DATA PROVIDED -
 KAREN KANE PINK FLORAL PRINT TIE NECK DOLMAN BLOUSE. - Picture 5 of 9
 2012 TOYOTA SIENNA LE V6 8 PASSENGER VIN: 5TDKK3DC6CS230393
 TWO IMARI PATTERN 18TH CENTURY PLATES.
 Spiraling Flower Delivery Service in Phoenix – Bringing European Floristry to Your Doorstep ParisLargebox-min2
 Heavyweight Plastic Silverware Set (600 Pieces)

...

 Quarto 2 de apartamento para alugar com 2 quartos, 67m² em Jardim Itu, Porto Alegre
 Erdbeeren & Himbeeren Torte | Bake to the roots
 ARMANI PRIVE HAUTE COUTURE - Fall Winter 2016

--

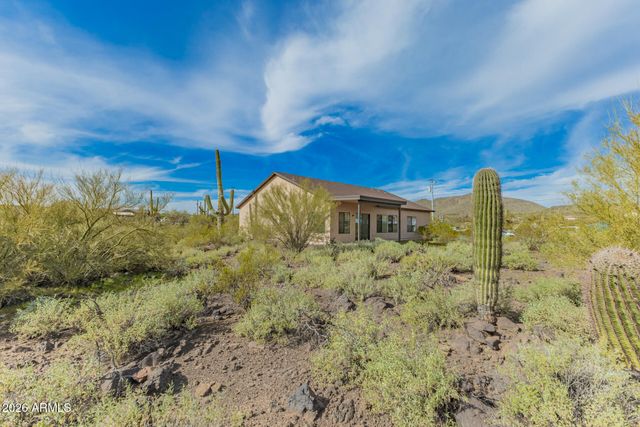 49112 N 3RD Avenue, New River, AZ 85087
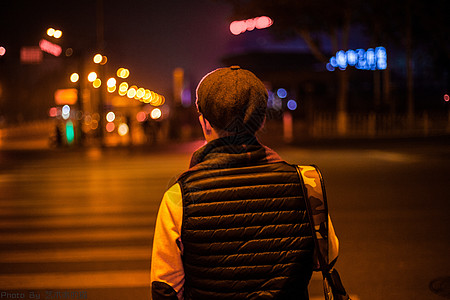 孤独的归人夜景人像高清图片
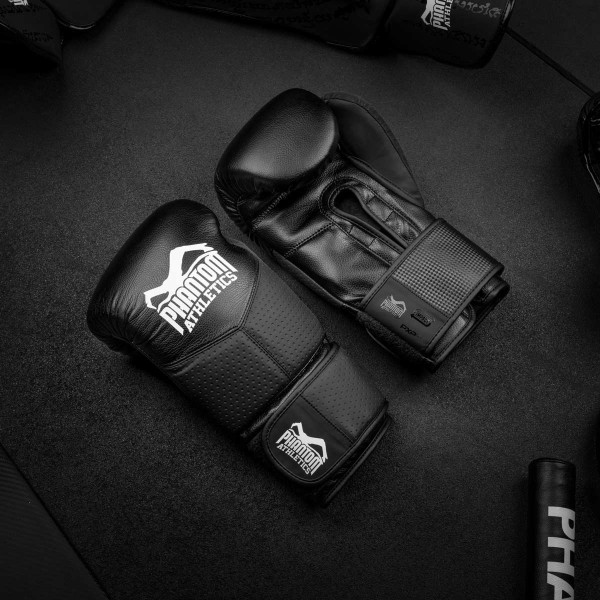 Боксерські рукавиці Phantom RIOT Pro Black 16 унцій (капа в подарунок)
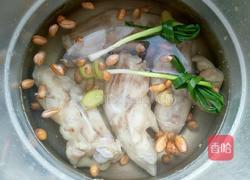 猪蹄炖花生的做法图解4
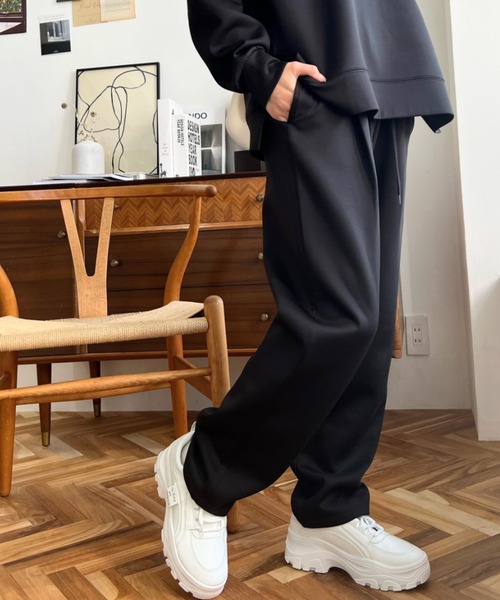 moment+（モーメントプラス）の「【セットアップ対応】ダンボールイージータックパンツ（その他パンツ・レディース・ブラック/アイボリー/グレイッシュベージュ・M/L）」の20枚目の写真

TASK PROMPT -
Since the pictures are not part of the copy, please transcribe only the lines above from the one with "Боксерські рукавиці Phantom" through the one with "moment+（モーメントプ", exactly and with both ends.

TASK ANSWER -
 Боксерські рукавиці Phantom RIOT Pro Black 16 унцій (капа в подарунок)
 猪蹄炖花生的做法图解4
 moment+（モーメントプラス）の「【セットアップ対応】ダンボールイージータックパンツ（その他パンツ・レディース・ブラック/アイボリー/グレイッシュベージュ・M/L）」の20枚目の写真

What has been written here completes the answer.